Facility Maturity Interest Rate Repayment Outstanding as at 31.12.16*
US$’000
Conventional and Islamic Facility 7 years 3 month LIBOR + 2.75% Quarterly with bullet repayment 300,131
Senior Notes 5 years 8.625%  Bullet 344,821
Total Topaz Loans 644,952

* Recorded as per International Financial Reporting Standards (IFRS) in US$.

Bank Covenants

The senior secured borrowing arrangements include undertakings to comply with certain financial covenants.  As at 31 Dec 2016, Topaz has complied with all financial covenants.

The following table sets out the Financial Covenants as at 31 Dec 2016:

Financial Covenant Threshold As at Dec 2016
Net Interest Bearing Debt to EBITDA < 4.50 4.18
Headroom 7%
Tangible Net Worth > $400M 427
Headroom 7%
Free liquidity (in millions) > $30M 47
Headroom 57%
EBITDA to DSCR > 1.2 1.62
Headroom 35%

Capitalization

The following table sets out Topaz’s consolidated cash, total indebtedness, shareholders’ funds, total capitalization and net debt at the end of the last five quarters.

in US$ millions
Dec-15 Mar-15 Jun-16  Sep-16 Dec-16  Change
Dec’15 vs Dec’16
Cash & Cash Equivalents 55 75 65 70 39 (16)
Floating Rate Senior secured loans 329 322 314 307 300 (29)
Other loans / Senior Notes¹ 342 343 344 344 345 3
Subordinated Shareholding Funding 104 103 103 91 81 (23)
Total debt 775 768 761 742 726 (49)
Total Equity 574 576 575 570 463 (111)
Total Capitalization 1,349 1,344 1,336 1,312 1,189 (111)
Net debt 720 693 696 672 687 (33)
Total debt / LTM EBITDA 4.44 4.39 4.48 4.48 5.0
Net debt / LTM EBITDA 4.13 3.96 4.09 4.09 4.7

Recorded as per International Financial Reporting Standards (IFRS)

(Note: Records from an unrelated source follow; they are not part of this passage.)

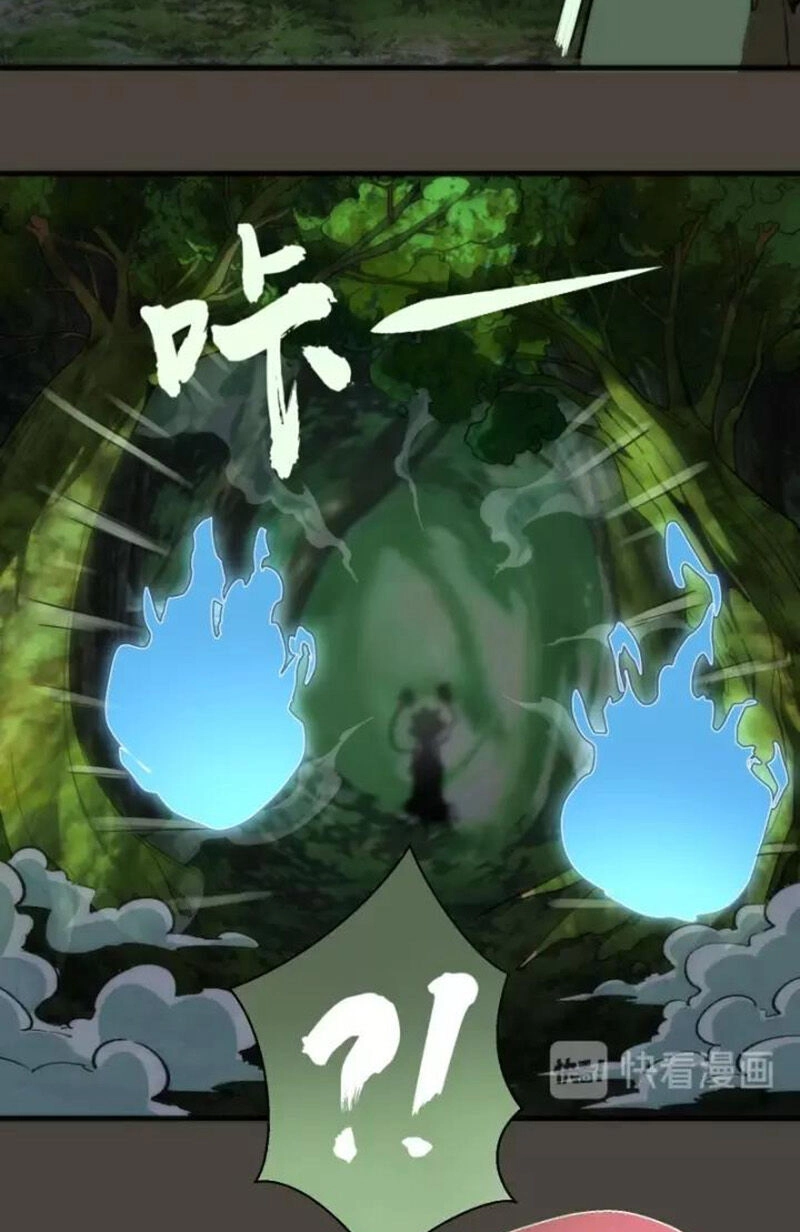 Cao Đẳng Linh Hồn Chapter 77.1 - 30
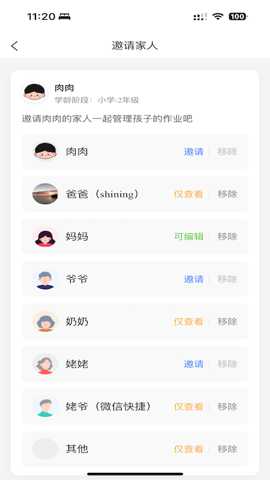 作业小达人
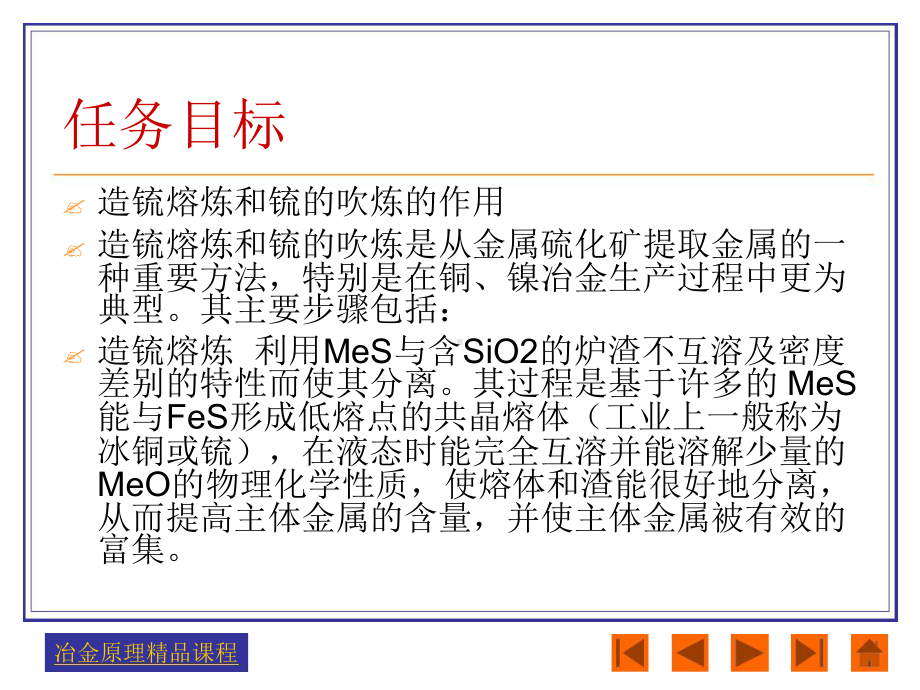硫化矿的造锍熔炼和锍的吹炼.ppt课件.ppt_第3页
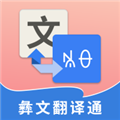 彝文翻译通app v2.4.8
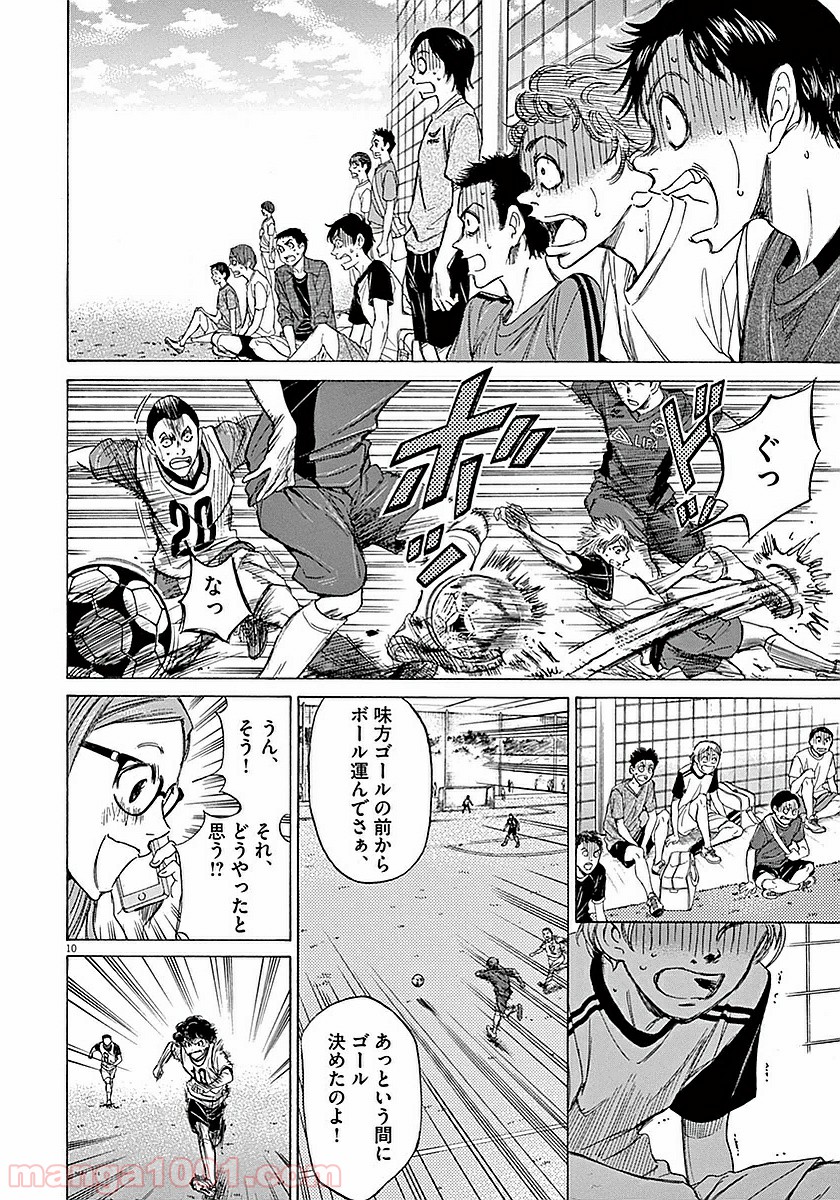 アオアシ 第10話 - Page 10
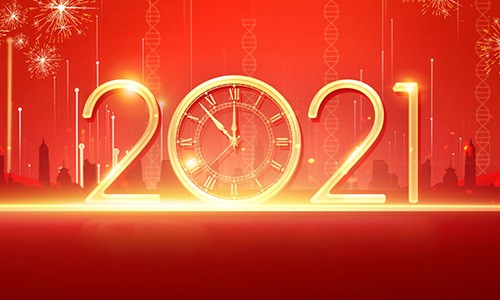 伯豪生物祝您新年快樂！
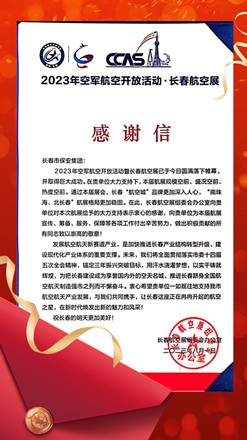 1693384892731674.jpg 紅白色商務(wù)企業(yè)信函電子賀卡_副本.jpg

About Topaz Energy and Marine

Topaz Energy and Marine is a leading offshore support vessel company providing marine solutions to the global energy industry with primary focus on the Caspian, Middle East, West Africa and Subsea operations in the North Sea and the Gulf of Mexico. Headquartered in Dubai with 40 years of experience in the Middle East, Topaz operates a fleet of 100 offshore support vessels of an average age of 9 years. Topaz is a subsidiary of Renaissance Services SAOG, a publicly traded company on the Muscat Securities Market, Oman.